Although pictures appear in the entries below, leave them out and print exactly the lines from the first line through the line containing "Yellow georgette embroidered".

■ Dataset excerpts
= = = =

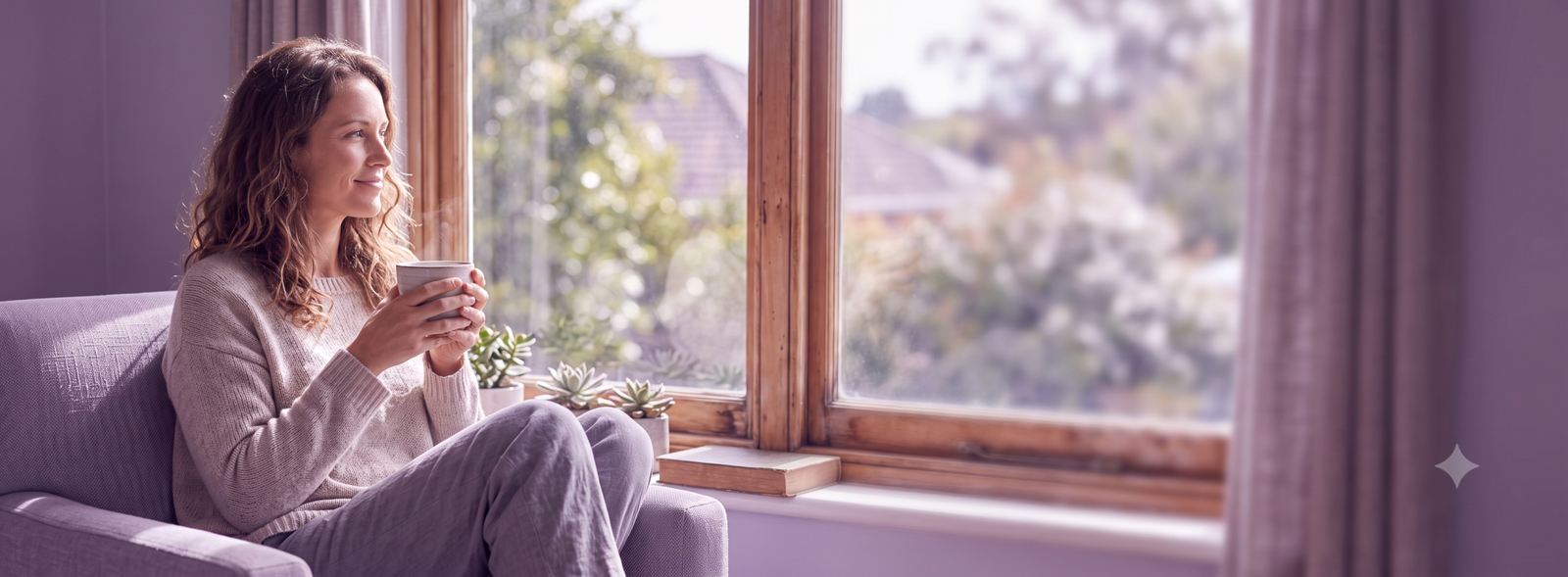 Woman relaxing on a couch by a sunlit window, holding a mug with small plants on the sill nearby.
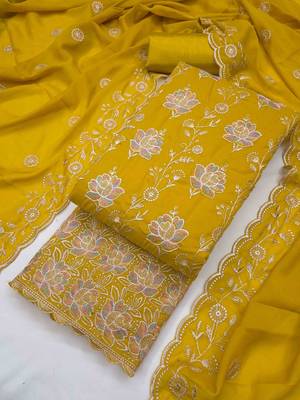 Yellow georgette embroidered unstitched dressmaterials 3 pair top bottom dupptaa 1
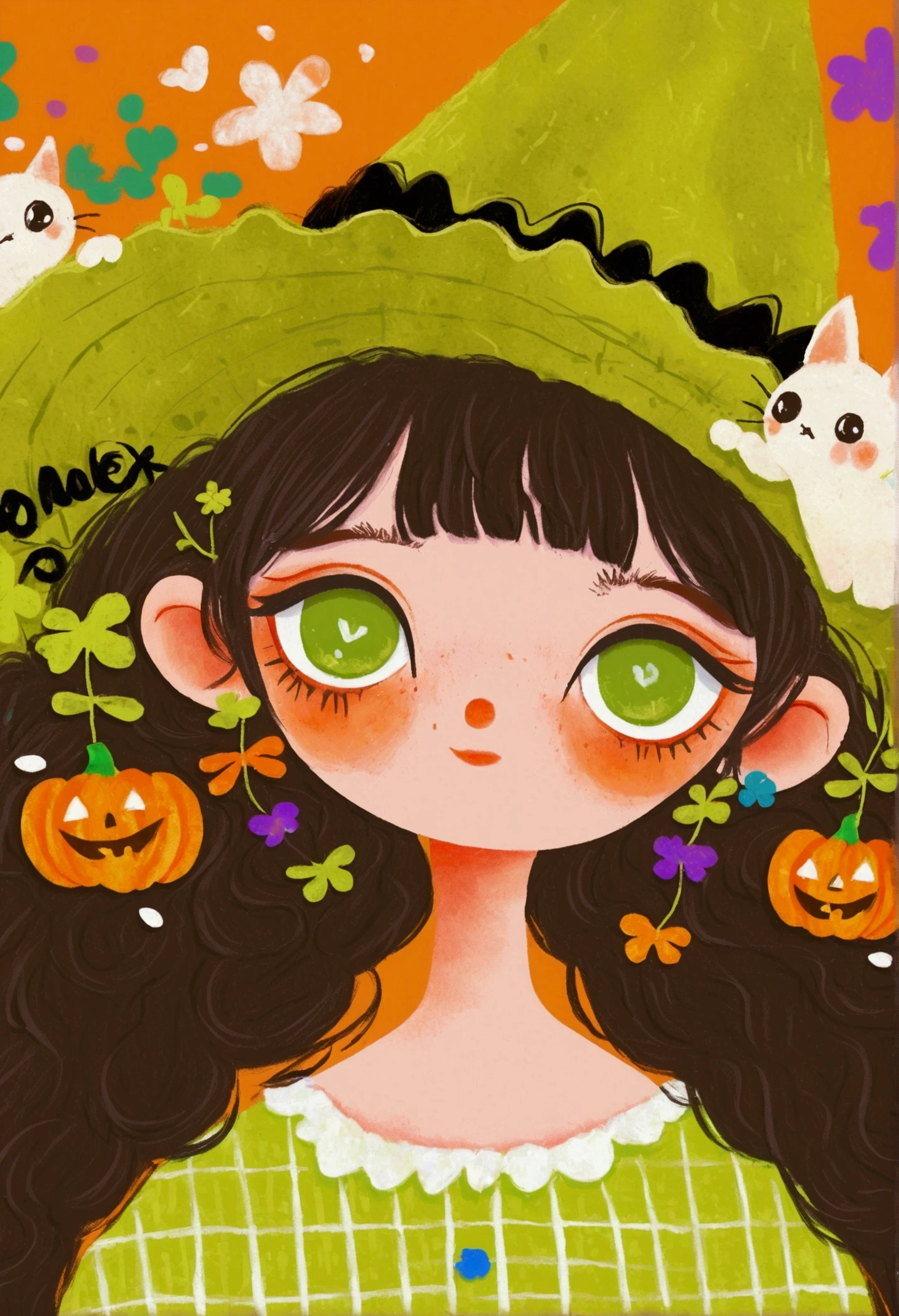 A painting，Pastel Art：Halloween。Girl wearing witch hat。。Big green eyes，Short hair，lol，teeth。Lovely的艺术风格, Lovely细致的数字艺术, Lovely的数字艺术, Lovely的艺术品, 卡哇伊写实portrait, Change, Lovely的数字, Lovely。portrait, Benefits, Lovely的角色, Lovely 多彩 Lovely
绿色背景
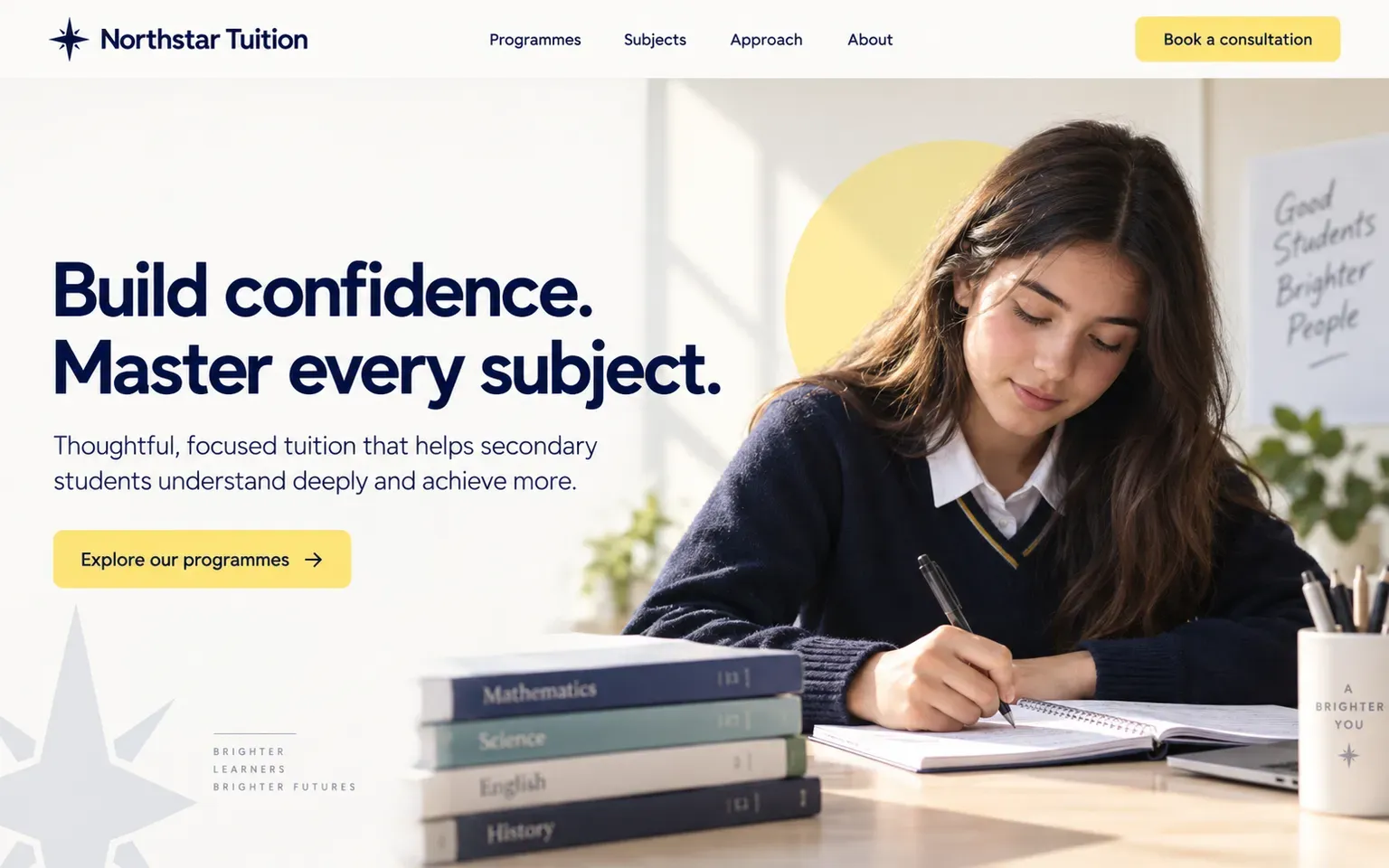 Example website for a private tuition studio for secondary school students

= = = =

■ Solution
 Woman relaxing on a couch by a sunlit window, holding a mug with small plants on the sill nearby.
 Yellow georgette embroidered unstitched dressmaterials 3 pair top bottom dupptaa 1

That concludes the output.